Step 4 is an inventory. Nothing more. Nothing less. It is also searching and fearless. But’s is also just an inventory.
There are references in the literature to problems that businesses face who do not take regular inventories. If we don’t know what we’re dealing with we don’t know what to do with it. By taking an honest look at ourselves and our behaviors with the help of a sponsor we can more effectively determine which of those behaviors are blocking us from being of the most service to God and to our fellows.
There are different ways that sponsors direct their sponsees to complete Step 4. However, there is only one way that is outlined in the Big Book of Alcoholics Anonymous. That is the way we will be discussing in this blog post.
There are four sections. Harms, Resentments, Fears and Sexual Harms. Each section can essentially be completed by filling out various columns. Examples of the format are found in the Big Book.
The spirit of the exercise is to objectively look at negative feelings and behaviors and understand their components. Let’s take resentments for example.
The book instructs us to list out the people towards whom we feel resentful. Easy enough. If you’re like most of us, you could probably write down every person you’ve ever come into contact with.
Next we write down the nature of the resentment. Again, there are examples in the book. These could be things such as I am resentful at my boss because she makes me stay late after work. Or I’m resentful towards my wife for being cold towards me despite my newfound sobriety.
We then look at the areas of our lives that this resentment affects. Does it affect my pocketbook, pride, self-esteem, personal relations, sex relations? We list any and all that apply.
The last and probably most important column is that we list our part in the resentment. Where was I selfish? What could I have done differently? What should I have done instead? Again you will find the instructions in the book and the exact breakdown differs slightly for each of the four categories.

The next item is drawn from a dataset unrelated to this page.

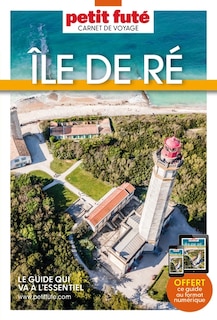 Front cover_Ile de R&eacute;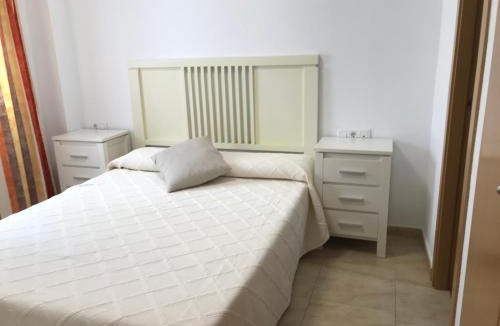 El Grau de Moncofa Apartment | Apartamento Playa Grau Moncofa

But remember this exercise is not about changing other people or playing tit for tat with I did this to you but you also did XYZ to me. It is about inventorying our behaviors so that we can have the spiritual experience and consequent personality change that relieves us of our addiction.

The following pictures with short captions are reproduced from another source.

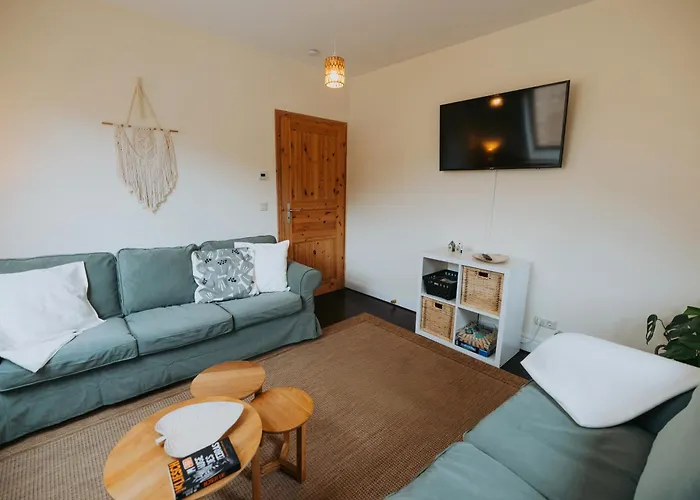 Staymosel Ferienwohnungen Daire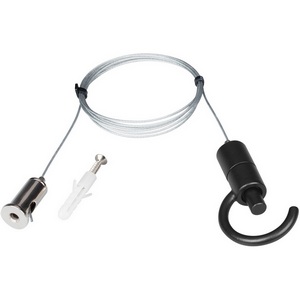 Изображение товара Подвес SPX-TROPIC-HANG-R66-18-L1500 (BK) (Arlight, IP20 Металл, 3 года) 045036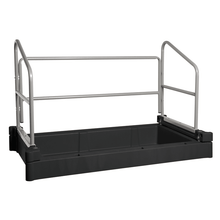 Numatic Set NKA-13 Súprava predĺženia hotelového vozíka | Balenie (1 kus)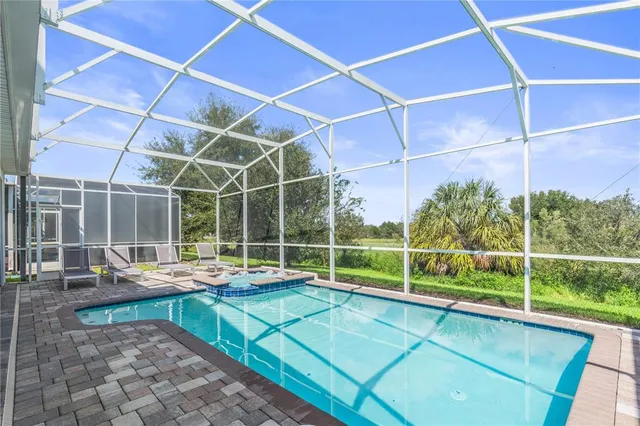 $850,000 | 8825 Cruden Bay Court, Davenport, FL 33896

Give yourself some quiet time to really reflect on what you’d like to write. Don’t take too long with it. You want to get it done as quickly as possible without rushing. We recommend that you pray before and after writing. Ask God for his guidance, support and for the strength to be fearless and thorough.
One last note. As you are writing out your inventory you might find yourself questioning whether certain actions or people should go on the list. We highly suggest that you use this rule of thumb. When in doubt, write it down. We can speak from experience that, either from willful omission or lack of certainty to include, people and behaviors left off the inventory will only continue to haunt us. We also learned through this process that we weren’t as bad as we thought. The fire breathing dragon that was the memories of all our previous foibles and mishaps was much less daunting when written out on paper. Whatever has happened, there are other people who have experienced that too. You are not alone.